Like the last movie, J.K. Rowling in 'The Order of the Phoenix' is once more diving into the deep end of the pool of evil, though for some reason this movie seemed less heavy and foreboding than the last one-- perhaps because no children are destroyed in this one. The movie is a well paced one, clocking in at 2 hours and 14 or so minutes, and their really is no filler. It is full of CG magic (I especially like the animated tea plates on the wall with kitties mewing and moving around), and pleasant set pieces (including flying over London on brooms), but the story line percolates along rather well without interruption.

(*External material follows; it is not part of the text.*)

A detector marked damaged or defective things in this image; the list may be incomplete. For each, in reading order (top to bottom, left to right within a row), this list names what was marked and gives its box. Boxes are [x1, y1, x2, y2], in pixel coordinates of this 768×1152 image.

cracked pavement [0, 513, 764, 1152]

Unfortunately Hogwart's has been taken over by the Ministry of Magic (headed by Fudge-- ably played by Edward Hardy of 'All Creatures Great and Small Fame') and a headmistress in pink one Ms. Umbridge (as in 'I take umbridge at that'), who clearly was trained in the No Fun League begins to squeeze all the possible joy she can out of school and put all the deadly rules in she can. One begins to wonder if she is actually in league with the dark lord herself. Headmaster Dumbledore continues to be his affable and pleasant self, and Severus Snape is his usual melancholy self, but most of the other instructors we are by now used to at Hogwarts make no more than cameo appearances. The story focuses on the psychological struggles and drama going on in the life and mind of young master Potter. Left behind is the rivalry with other students (e.g. the aptly named Malfoi-- which means 'bad faith' hardly appears) in order for the larger struggle with evil to take center stage. Not left behind, but not as central as before, is Harry's relationship with Ron and Hermione, his two best chums. In fact, at one juncture Harry has his first kiss, and its with a girl we have not previously met before this movie.

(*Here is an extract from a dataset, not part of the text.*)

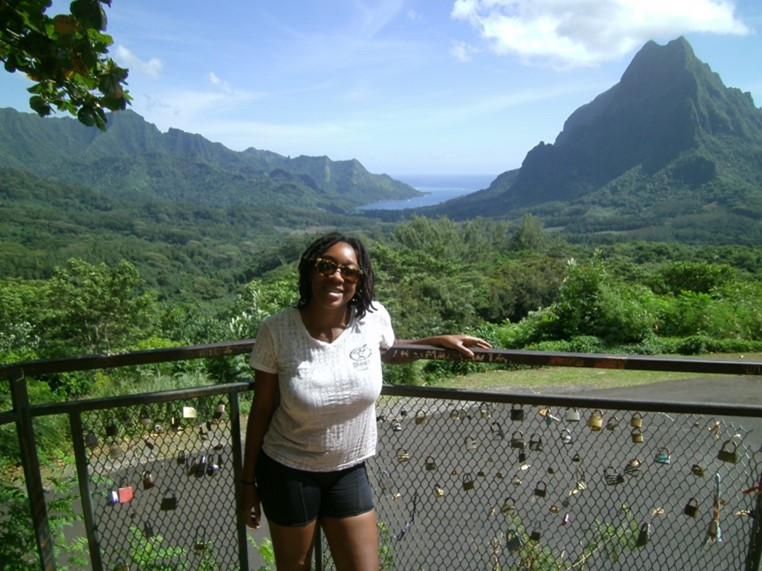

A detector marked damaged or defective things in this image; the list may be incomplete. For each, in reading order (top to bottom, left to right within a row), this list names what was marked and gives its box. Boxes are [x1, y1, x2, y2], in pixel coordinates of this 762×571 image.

rusted metal railing bar [0, 342, 256, 382]
rusted metal railing bar [386, 346, 760, 378]
rusted metal railing bar [382, 384, 760, 420]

One of the things about Rowling's novels as they have developed over time is that they have certainly become longer and more complex, and the story telling has become more adult. One wonders what small and mid-sized children are doing at movies like this, and what they make of it. Clearly much of what is going on and the nuances of the psychological drama will be well over their heads, and the dark images frankly too dark for most children.
The phoenix of course was the bird which rose from the ashes, apparently from the dead, and it not surprisingly became one symbol in early Christianity for the resurrection. It is no accident that this episode is named 'the Order of the Phoenix'. This refers to a group of good magicians who have banded together to rise up and fight the evil, and Harry, in his own fashion starts a student chapter of the order at Horgwarts, complete with training sessions in spell casting or zapping of bad things with a wand.

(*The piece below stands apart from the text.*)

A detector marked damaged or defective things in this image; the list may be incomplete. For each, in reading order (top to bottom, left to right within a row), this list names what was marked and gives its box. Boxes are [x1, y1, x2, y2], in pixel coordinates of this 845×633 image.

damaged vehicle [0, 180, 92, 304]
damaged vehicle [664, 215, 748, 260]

There is a juncture in the movie where there is a very crucial and serious discussion between Sirius Black and Harry. Sirius reminds Harry that the world is not composed of those who are all good, on the one hand, and those who are nothing but evil on the other. "Most people are a mixture of good and bad" Harry is reminded. This presumably is meant to help Harry not be so hard on himself when he has dark thoughts, but Sirius also stresses that Harry is a good person with some flaws, and he should not doubt his goodness, nor blame himself for all that has gone wrong. The message, if there is one, is that ordinary persons with some goodness in them, can strive to be their best selves, and overcome their temptations to give way to darkness.
Various of the reviewers of this movie have commented on the fact that it seems like an interim report, before we get to the real epic struggle between good and evil. This is a helpful observation, and it is in this movie that we hear the prophecy that either Voldemort or Harry must be done away with before the resolution of the drama. That is barely on the horizon here. The good news for now is that Harry is able to fight off the mental invasion of darkness into his fertile and sensitive mind.
So we must bide our time until the penultimate installment of these films comes out-- 'the Half-Blood Prince' in a year or so. In the meantime, start working on your wand waggling-- evil is coming to town and will not be messing around.